DATA BLOCK START
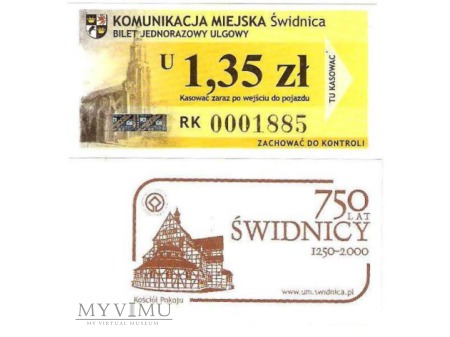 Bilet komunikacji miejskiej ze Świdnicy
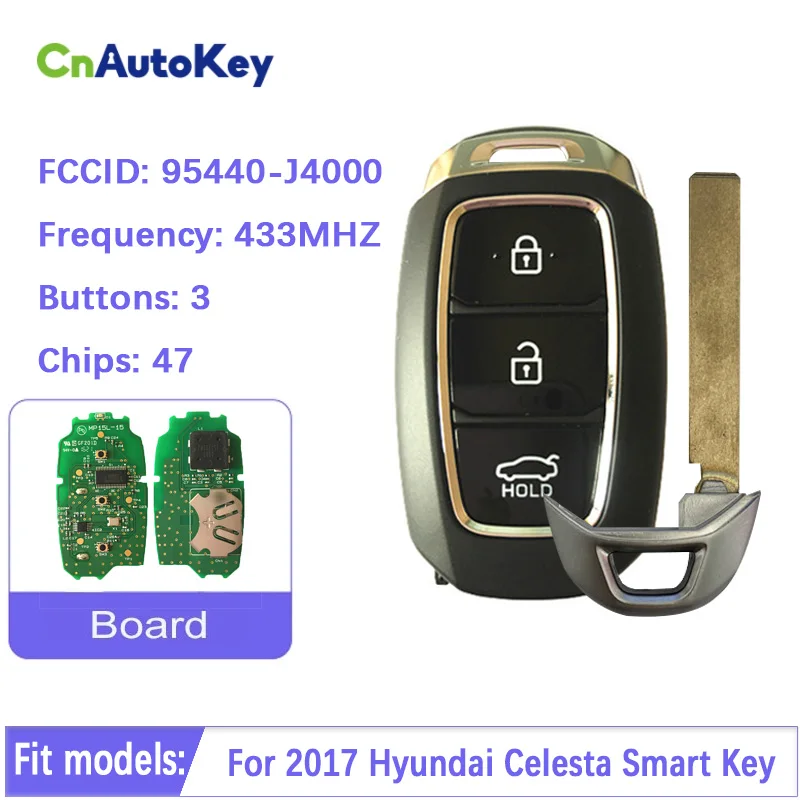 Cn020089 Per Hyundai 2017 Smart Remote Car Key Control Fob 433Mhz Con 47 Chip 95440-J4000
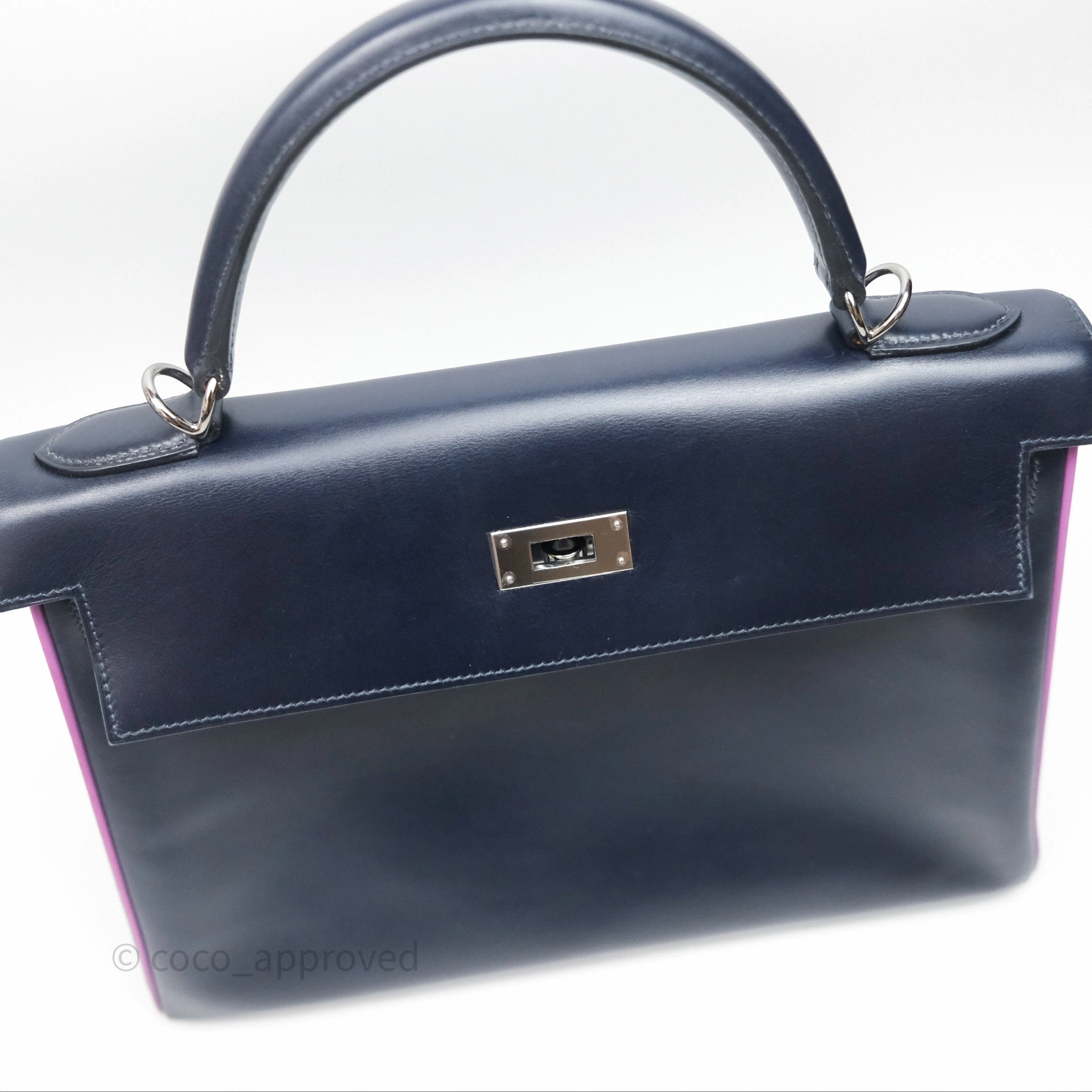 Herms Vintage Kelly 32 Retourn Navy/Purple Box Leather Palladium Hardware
DATA BLOCK END
§ TASK DETAILS:
All of the data above needs to be retyped exactly, with the pictures removed.

§ OUTPUT:
 Bilet komunikacji miejskiej ze Świdnicy
 Cn020089 Per Hyundai 2017 Smart Remote Car Key Control Fob 433Mhz Con 47 Chip 95440-J4000
 Herms Vintage Kelly 32 Retourn Navy/Purple Box Leather Palladium Hardware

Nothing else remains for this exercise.